I find the Standard meta-game to be a thrilling puzzle to solve. However, it’s just one of many contexts that can let you feel the thrill of outsmarting your friends. Casual decks are usually less expensive. A good Standard deck could cost $150-$300. Then, in a year or two, those cards rotate out and typically lose some of their resale value. For some, this isn’t sensible, and for others, it’s not fun.

Or, perhaps you just prefer the flavor of an older group of cards. For instance, Angel decks are ridiculously popular. Statistically, the majority of players are not concerned with grinding it out in a coherent format — they’re just playing with whatever cards they happen to have. Which, of course, is why you buy them!

There may still be benefits to aligning of chronology even when anything goes. For one thing, each block (which is a group of 2-3 sets) has its own crop of mechanics — common strengths found on numerous cards — which usually synergize well with each other. So if you are using creatures from 2010, there may be advantages to also using lands and spells from that era. It’s possible.

Secondly, if your friend uses cards from that era, it’s likely that the other cards from then have special ways to deal with those. For instance, in a set with lots of dragons there was a creature, Dragon Hunter, who had protection from dragons. So, the interactions you find may be not only powerful, but potentially also unusual and fun (and it’s usually not as “on-the-nose” as “protection from dragons” - Magic generally tries to be more vague). Formats are designed to be somewhat swingy; to give you a chance to stabilize against great odds if you draw the right sequence of cards. This usually won’t be a problem, but in some cases, if your cards are from dramatically different pools or eras, you might have matches that feel less engaged, where your spells talk past each other rather than grappling directly.

To be sure, the mechanics of Magic are generally broad and can engage each other in many, many ways, so it’s completely possible to have a thrilling duel even if you’re using cards that were not designed to face each other. I’m just saying, that not only has the game gone through ups and downs, but it has also gone through phases where some strategies were juiced in a way that was hard to interact with. If you’re planning to play kitchen table Magic, and your deck is too powerful, it may be less fun — because it’s not only winning that’s fun; it’s winning a fair fight that’s the most fun. (Also, keep in mind that the cards you have from years ago might simply be too weak, and you should look around at what else to use).

If you want your match-up with a friend’s deck to be really fun, here are a couple things to consider. First, consider using a color or combination of colors that they are not, so that you can try to sneak around them rather than just butting heads. Consider using cards from the same year, or roughly the same era, so that the art matches (and the mechanics will). Third, have a mix of creatures, removal spells, a way to draw extra cards, a way to protect or strengthen your creatures, and possibly a non-land way to generate mana.

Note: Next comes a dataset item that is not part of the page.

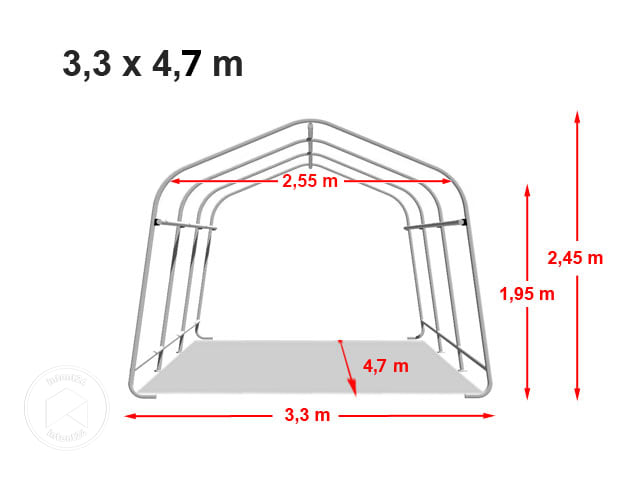 Tente garage 3,3 x 4,7 m abri, gris Canton Genève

Most of all, if you can tell that your opponents are not having fun, or if you are not, try to address the problem. Try a different deck, or ask for help from the Internet or your local card store. Finally, remember that not everyone understands the rules completely and in more casual environments, you may be up against a friend who has been doing something incorrectly for years. You can usually find the answer to any rules question online, if you’re not sure.